Want Android 4.0 on your phone? Move from the U.S.

Android-Ice-Cream-Sandwich

Four months after the introduction of Google Android 4.0, handset makers are starting to update older phones. The software version, known as Ice Cream Sandwich (ICS), currently ships on the Samsung Galaxy Nexus in the U.S. on Verizon’s network; all other Android phones run on the older Gingerbread, or Android 2.3. Samsung and Motorola recently announced upgrade plans, and the U.S. is low on both lists.

On Tuesday, Samsung made good on a prior promise to deliver Android 4.0 sometime in March. ICS for the Galaxy SII handset, Samsung’s top seller to date, is now available in Poland, Hungary, Sweden and Korea. The company says other markets should expect a gradual rollout but offers no specifics as to which markets are next. Additionally, Samsung says the next devices to see the update will be the Galaxy Note and Galaxy SII LTE smartphones along with the Galaxy Tab 8.9 and 10.1 tablets.
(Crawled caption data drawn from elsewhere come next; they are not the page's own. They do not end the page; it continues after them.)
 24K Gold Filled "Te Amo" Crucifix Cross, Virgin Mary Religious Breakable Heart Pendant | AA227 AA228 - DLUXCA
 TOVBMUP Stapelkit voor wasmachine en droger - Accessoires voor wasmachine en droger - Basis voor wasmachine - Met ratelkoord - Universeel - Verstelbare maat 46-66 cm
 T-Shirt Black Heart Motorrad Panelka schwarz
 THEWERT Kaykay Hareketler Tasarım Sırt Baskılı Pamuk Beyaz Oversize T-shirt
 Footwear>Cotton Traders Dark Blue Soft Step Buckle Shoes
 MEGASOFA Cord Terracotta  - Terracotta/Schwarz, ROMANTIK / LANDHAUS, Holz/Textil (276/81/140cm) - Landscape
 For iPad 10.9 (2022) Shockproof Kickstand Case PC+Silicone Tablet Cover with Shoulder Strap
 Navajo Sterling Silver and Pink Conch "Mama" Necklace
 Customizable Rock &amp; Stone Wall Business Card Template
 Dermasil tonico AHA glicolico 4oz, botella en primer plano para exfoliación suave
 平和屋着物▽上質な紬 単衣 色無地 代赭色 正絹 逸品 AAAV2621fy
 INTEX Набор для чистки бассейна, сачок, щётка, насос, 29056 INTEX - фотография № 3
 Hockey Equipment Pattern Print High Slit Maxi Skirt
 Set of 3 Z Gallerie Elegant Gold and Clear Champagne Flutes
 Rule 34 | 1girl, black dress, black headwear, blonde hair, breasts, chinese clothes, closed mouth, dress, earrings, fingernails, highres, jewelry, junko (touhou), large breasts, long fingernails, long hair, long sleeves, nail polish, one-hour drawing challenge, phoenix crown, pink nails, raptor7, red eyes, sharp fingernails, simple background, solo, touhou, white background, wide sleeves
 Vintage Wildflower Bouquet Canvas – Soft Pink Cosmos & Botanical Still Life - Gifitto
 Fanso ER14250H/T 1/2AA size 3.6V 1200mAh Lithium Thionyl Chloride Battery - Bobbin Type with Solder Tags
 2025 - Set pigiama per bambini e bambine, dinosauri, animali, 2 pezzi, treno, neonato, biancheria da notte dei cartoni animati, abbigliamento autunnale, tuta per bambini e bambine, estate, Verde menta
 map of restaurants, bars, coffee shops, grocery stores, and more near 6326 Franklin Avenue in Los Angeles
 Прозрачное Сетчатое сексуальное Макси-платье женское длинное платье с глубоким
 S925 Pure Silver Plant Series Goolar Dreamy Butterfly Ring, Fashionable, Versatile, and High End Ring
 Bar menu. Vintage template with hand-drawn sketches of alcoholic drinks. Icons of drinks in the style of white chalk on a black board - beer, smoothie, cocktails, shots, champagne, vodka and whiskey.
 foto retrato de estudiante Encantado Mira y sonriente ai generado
A few weeks ago, Motorola created a web page to explain the Android upgrade status for all of its devices, along with the four phases used to delivery the software updates. According to that web page, I found, via the Android Guys blog, that the Atrix 4G, Atrix 2 and Photon 4G are the only U.S.-based handsets currently in “Development,” or the second stage. All other phones — the Razr, Razr Maxx, Droid 4 and Bionic — are still in the first stage, sadly dubbed “Evaluation and Planning”. The international version of the Razr, however, is already in development.

I find this approach odd. (And just to cut off any questions of bias, since I am based in the U.S., the topic doesn’t affect me since I bought a Galaxy Nexus with Android 4.0 in November.) In terms of smartphone penetration, the U.S. is among the highest in the world, meaning a large percentage of our population has a smartphone, many of which are Android powered. Wouldn’t these companies get the most “bang for the buck” with U.S. updates?

Perhaps the reason for the lack of U.S.-focus has to do with our carriers. My colleague Kevin Fitchard suggested that it may take the handset makers longer to build the updates for U.S. phones because of the carrier software that requires integration. That sounds plausible, if not disappointing. I’ll have to rely on our overseas readers to tell me whether or not carriers there include their own software on handsets.

Could it be the vast array of hardware options that is holding up the software upgrades? That’s what a Motorola exec recently suggested, and while I see merit in that argument, it doesn’t explain why overseas models are getting upgrades prior to U.S. models. The same hardware components are generally used and aren’t specific to different countries, except in the case of different network technologies. Maybe it’s the U.S.’s move to LTE? Again, that’s doubtful, in my opinion.

For now then, there will be few changes for devices in the U.S., unfortunately — although HTC Sensation owners can take some solace as their update is due out this month. The rest of us will just have to move to Europe, Asia or some other country!